|Fuller's IPA, in the English style.|
But the style was not invented in the US. I'll quickly relate its origins:
IPAs emerged way back when, during the height of the British Empire. To satiate her troops abroad, Britain would ship beer to its colonies, most notably India. Utilizing the natural antimicrobial properties of the hop flower, the ale was aggressively hopped with as much as four or five pounds of hops per barrel so that it may survive the long voyage. The style gained popularity in the mid-1800s, then faded away until fairly recently.
In Michael Jackson's Beer Companion, the author credits brewer and hop aficionado Bert Grant with reviving the style some thirty years ago, making note of Grant's full intention to use local ingredients:
He started his microbrewery in the former Switzer opera house in Yakima, Washington, in the early 1980s. Yakima is the capital of the hop-growing region, and Bert rightly believes in using local materials. Soon after he opened his brewery, I visited him and tasted his range, which included an IPA. Albeit conventional in gravity (1048; 12 Plato) and golden in color, it was the hoppiest IPA I had ever tasted. That early essay was said to have 60 units of bitterness, and that was not difficult to believe. It was full of both the resiny flavor and bitterness of the hops. I have sampled it many times since, and always found it very hoppy, but nothing could match the shock of that first encounter.We've come a long ways since then; 60 IBUs is rather average in IPA terms. Over the past few years, numerous IPA subsets have emerged: Imperial IPAs, Belgian IPAs, Black IPAs, White IPAs, IBAs (India Brown Ales, that is), even a 1000 IBU IPA from that crazy Dane Mikkeller.

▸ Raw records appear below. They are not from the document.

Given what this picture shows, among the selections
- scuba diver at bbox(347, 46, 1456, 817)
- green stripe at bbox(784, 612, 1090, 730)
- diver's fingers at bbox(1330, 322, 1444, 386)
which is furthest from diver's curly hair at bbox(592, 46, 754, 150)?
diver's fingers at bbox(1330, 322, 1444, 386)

Jackson notes one of the properties of hops that I find most fascinating, that consumers tend to develop a tolerance for its bitterness. Many hop-heads can relate to "the shock of that first encounter" with an exceptionally hoppy beer, but will tell you that over time they've become more and more inclined towards that "resiny flavor" and go to great lengths to seek out that bitterness that often sticks to the teeth.
Without any further ado, here are five of my favorite IPAs from my travels:
Das Hopfen IPA - Wrecking Bar Brewpub - Atlanta, GA
Yet another offshoot of the style, the Wrecking Bar makes a flavorful German IPA, featuring a complexity of malt and hops unlike anything else on the market. Five German hops go into this beer: Magnum, Perle, Northern Brewer, Hallertau, and Tettnang. The Wrecking Bar also makes a great Pastrami Sandwich that makes it one of my all-time favorite brewpubs.
Hopsecutioner - Terrapin Beer Company - Athens, GA
The maker of Terrapin Rye also makes a mean IPA. Hopsecutioner is brewed with Warrior, Chinook, Centennial, Simcoe, Amarillo, and Cascade hops, coming out at 7.3% ABV and 71 IBUs.
Northern Lights - Starr Hill Brewery - Crozet, VA
I enjoyed Northern Lights on IPA Day last year. Master Brewer Mark Thompson makes it with Cascade and Willamette, keeping the beer approachable at 52 IBUs.
90-Minute IPA - Dogfish Head, Rehoboth Beach, DE
I have to mention what Esquire calls "perhaps the best IPA in America." This Imperial IPA is continuously hopped for 90 minutes, ending up at 90 IBUs and 9.0% ABV. Find it at a Dogfish Head Alehouse or any bottle shop worth its weight in beer.
El Guapo IPA - O'Connor Brewing Company - Norfolk, VA
One of my earliest posts features an IPA brewed with agave nectar. Hoard it when you see it -- El Guapo is hard to find.
In Panama, I will celebrate IPA Day by paying homage to the style's origins. Fuller's IPA from the UK is the only IPA commercially available in Panama, though that's sure to change before very long.